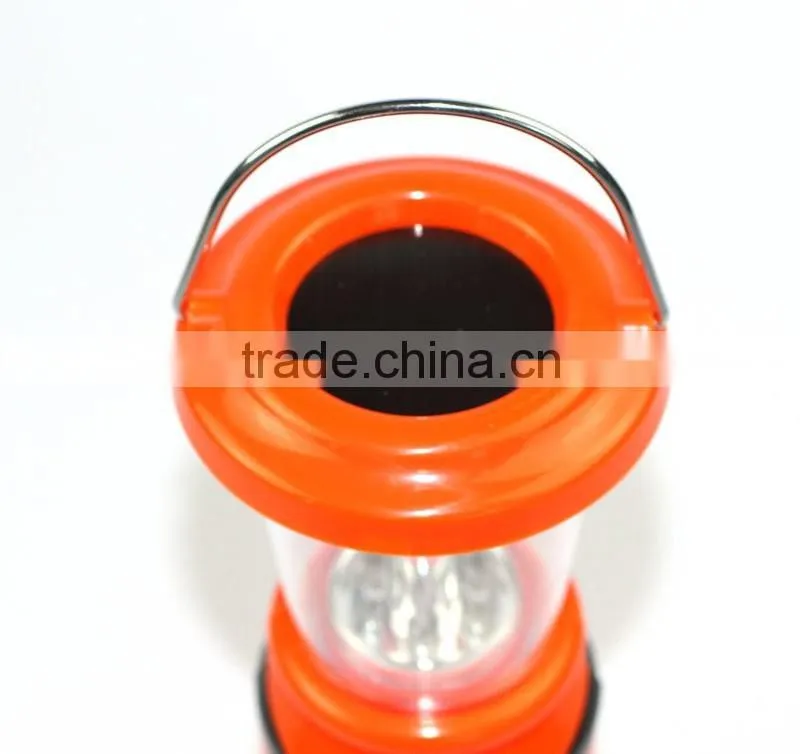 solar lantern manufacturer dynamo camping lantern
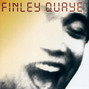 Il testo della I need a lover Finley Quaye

...

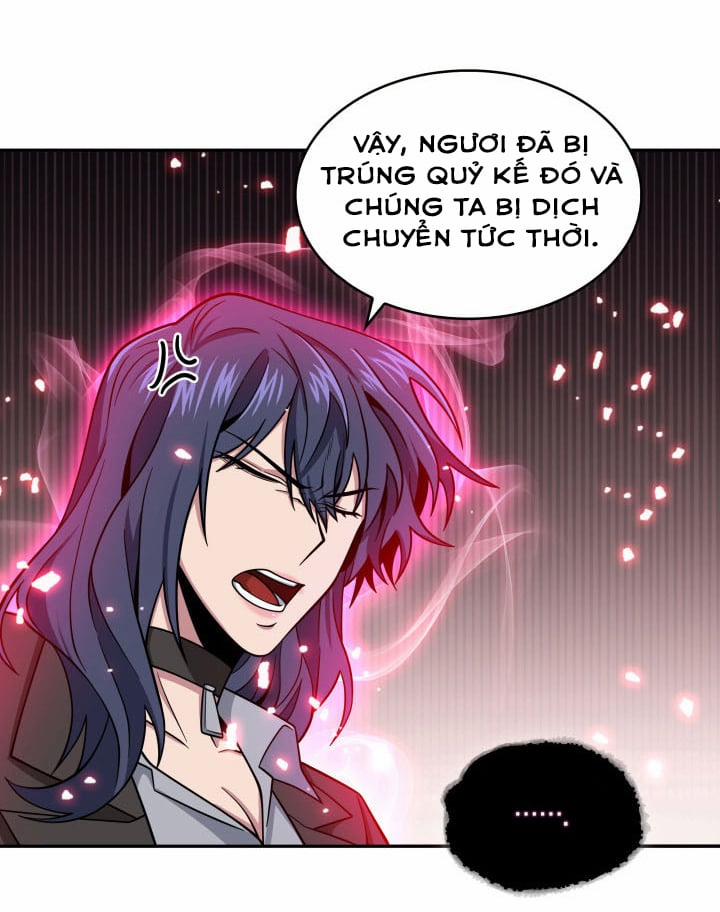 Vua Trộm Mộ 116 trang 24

> **Work instruction**
Write down exactly what the lines above say, from the line holding "solar lantern manufacturer" through the line holding "Il testo della I need a lover Finley Quaye", and nothing more. Do not copy the pictures.

> **Task result**
 solar lantern manufacturer dynamo camping lantern
 Il testo della I need a lover Finley Quaye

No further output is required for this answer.